TFM Daily Market Summary 05-10-2024

CORN HIGHLIGHTS:

  • Corn futures finished near the highs for the week supported by a neutral to friendly WASDE report, and strong buying in the wheat markets. For the week, July corn gained 9 ½ cents and posted its highest weekly close since the second week in January.
  • Friday’s USDA Supply/Demand report posted friendly numbers for old crop corn according to expectations. The USDA added 50 mb of demand to both ethanol production and exports to lower carryout to 2.022 billion bushels. This was 100 mb below expectations, supporting old crop prices.
  • The USDA released initial projections for the 24/25 marketing year. As expected, planted acres for the next crop year was 90 million acres with trend line yield of 181 bushels/acre. After minor demand adjustments, year over year new crop carryout is projected at 2.102 billion bushels. This was below market expectations, but still reflects a relatively heavy corn supply for the next marketing year.
  • The USDA projections for South American corn production saw mild reductions from the April report. The USDA lowered Argentine corn production to 53 mmt and Brazil production to 124 mmt, each down 2 mmt from the April report, but still ahead of analyst estimates from those regions.
  • The market will shift its focus back to planting weather. Recent rainfalls have limited planting progress, but longer-range forecasts are turning drier overall. Crop progress numbers on Monday afternoon may be key for near-term market moves. Last week, corn planting was 36% complete nationally.

SOYBEAN HIGHLIGHTS:

  • Soybeans ended the day higher following the USDA’s WASDE report which was relatively neutral for soybeans. The support today came from soybean oil which rallied sharply over 4% as a result of import duties on cooking oils potentially being raised significantly. Soybean meal ended the day lower, and July soybeans are trading back above the 100-day moving average.
  • Today’s WASDE report said that old crop ending stock estimates for soybeans were unchanged at 340 mb and the first projection for 24/25 production was posted at 4,450 million bushels which was slightly higher than the average trade guess. New crop ending stocks were pegged at 445 mb which was above the average trade guess. Brazilian soybean production was revised lower by 1 mmt to 154 mmt and Argentinian production was surprisingly unchanged at 50 mmt.
  • For the week, July soybeans gained 4 cents but are down 37 cents from the Tuesday highs. November soybeans ended the week up 4 ¾ at 1205 ¾, July soybean meal lost just $0.30 at $371.90, and July soybean oil gained 1.36 cents to 44.44 cents.

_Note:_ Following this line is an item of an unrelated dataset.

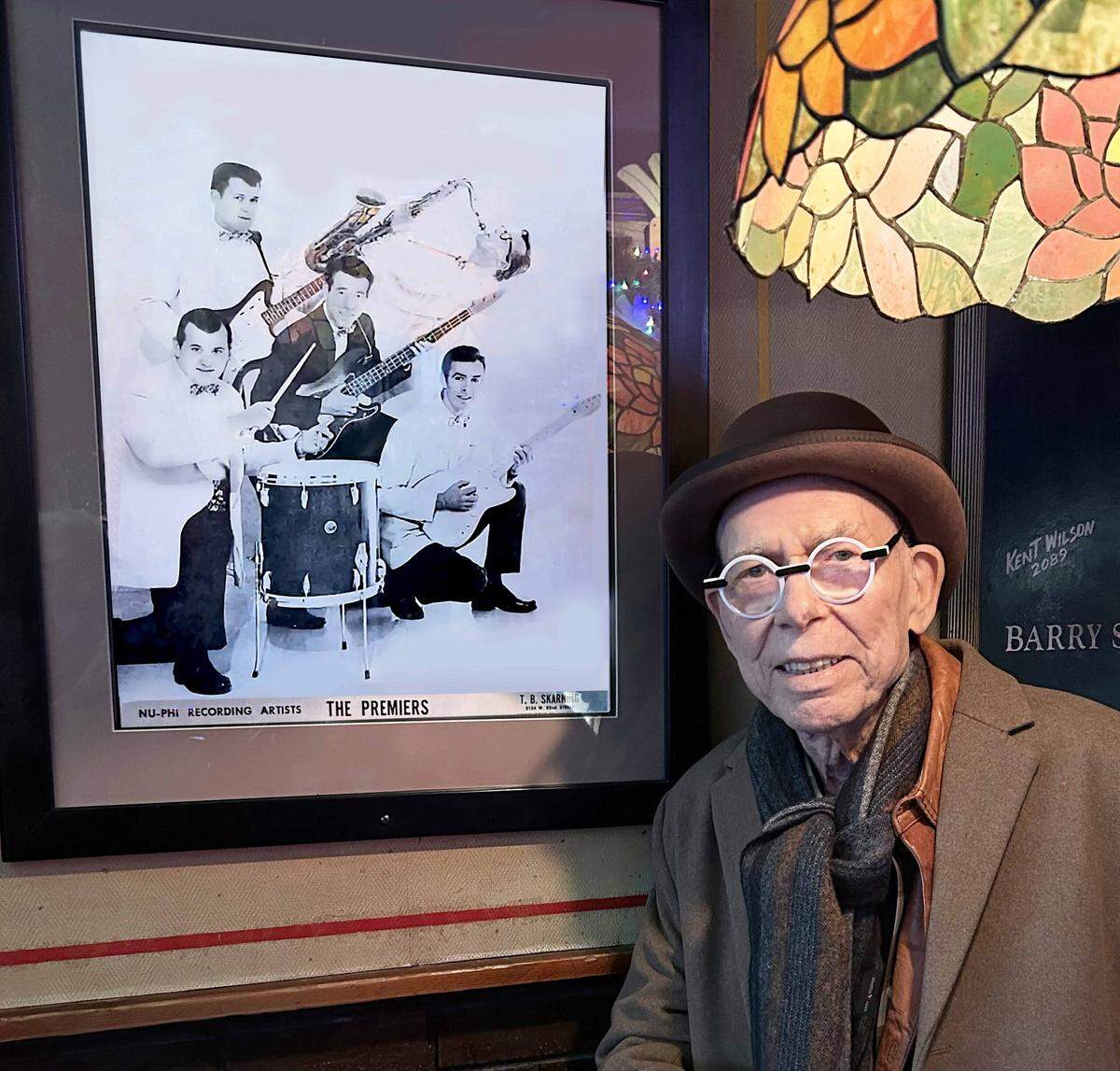 An older Bucky Walters in front of a photo of his band, the Premiers, in which a young Bucky Walters was the lead singer.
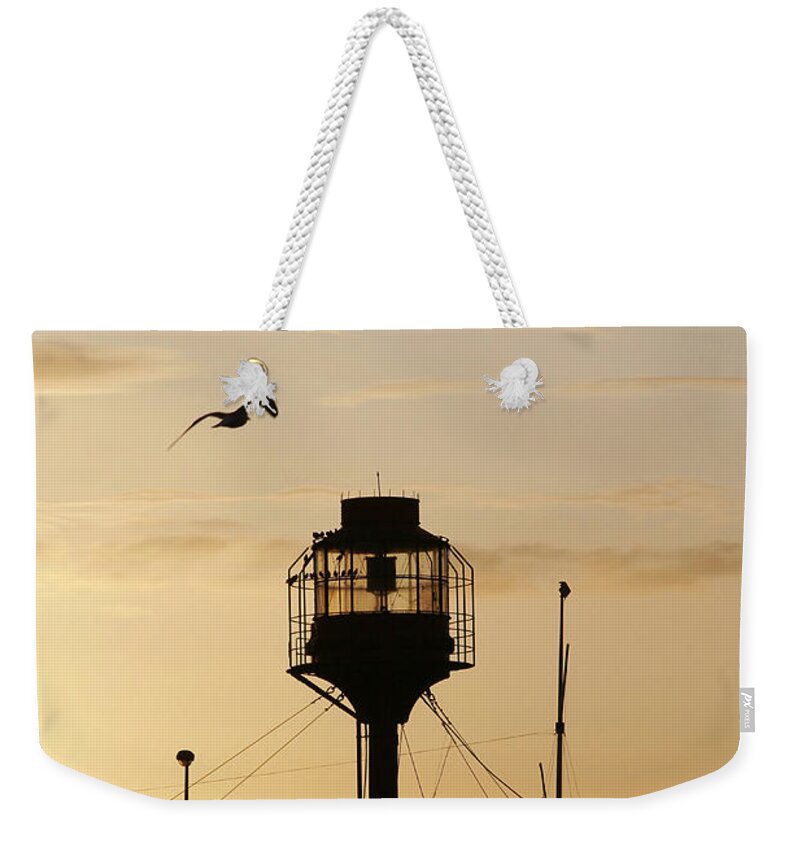 Light Weekender Tote Bag featuring the photograph Light ship silhouette at sunset by Steve Ball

Funds were likely net buyers of soybeans this week after being spurred by planting delays and South American weather issues.
  • The extreme flooding in Rio Grande do Sul, Brazil is causing the soybeans left in the field to deteriorate, and StoneX has cut their estimates for Brazilian production by 3 mmt as a result. This reduction brings their estimate for the bean crop to 147.8 mmt compared to 150.8 mmt in their last estimate.

WHEAT HIGHLIGHTS:

  • The wheat complex was strong overnight and into the 11 am CDT USDA WASDE report, as it continued to grapple with concerns regarding the Russian wheat crop with dry weather and the recent cold snap. Somewhat friendly supply and demand numbers helped press all three wheat classes higher into the close, with July Chicago setting a new high for the move and the highest close since last August.
  • The USDA released its monthly WASD report today, pegging 23/24 wheat carryout at 688 million bushels versus the average trade guess of 696 mb. They estimated 24/25 total wheat production at 1.858 bb, with carryout at 766 versus 786 mb expected. As for world ending stocks, 23/24 came in at 257.8 mmt with 24/25 at 253.61 mmt versus expectations of 256.9 and 257.37 mmt respectively.
  • The USDA made no changes to the Russian wheat crop and left its estimate at 91.5 mmt. SovEcon on the other hand lowered its estimate of Russian wheat production by 3.4 mmt to 89.6. The USDA did lower its forecast for Ukraine’s wheat crop 0.4 mmt to 23 mmt.
  • The Buenos Aires Grain Exchange in Argentina is projecting the country’s 24/25 wheat production to increase 20% to 18.1 mmt due to the recent rains that have set the stage for a good growing season. The exchange also sees wheat 24/25 wheat exports rising 24% from last year to 11.5 mmt.
  • A western Australian industry group raised concerns about Australia’s wheat crop due to the persistent dry weather and lowered its planted area estimate to 4.7 million hectares from its April forecast of 4.96 million.

DAIRY HIGHLIGHTS:

  • Class III futures were mixed on the day with the June and December futures contracts seeing gains while all other 2024 contracts were in the red.
  • Spot cheese and whey were unchanged Friday at $1.94625/lb and $0.3850/lb respectively.
  • Class IV futures were higher with the October futures contract seeing the largest gain at 14 cents to close at $21.68/cwt.
  • Spot butter was slightly weaker, dipping below $3.00/lb to $2.99/lb. Spot powder was the only product to see gains, increasing 1.50 cents to $1.1525/lb.

 

Total Farm Marketing and TFM refer to Stewart-Peterson Group Inc., Stewart-Peterson Inc., and SP Risk Services LLC. Stewart-Peterson Group Inc. is registered with the Commodity Futures Trading Commission (CFTC) as an introducing broker and is a member of the National Futures Association. Stewart-Peterson Inc. is a publishing company. SP Risk Services LLC is an insurance agency. A customer may have relationships with all three companies. TFM Market Updates is a service of Stewart-Peterson Inc. Futures and options trading involve significant risk of loss and may not be suitable for everyone. Therefore, carefully consider whether such trading is suitable for you in light of your financial condition.

Author

John Heinberg

Sign up to get daily TFM Market Updates straight to your email!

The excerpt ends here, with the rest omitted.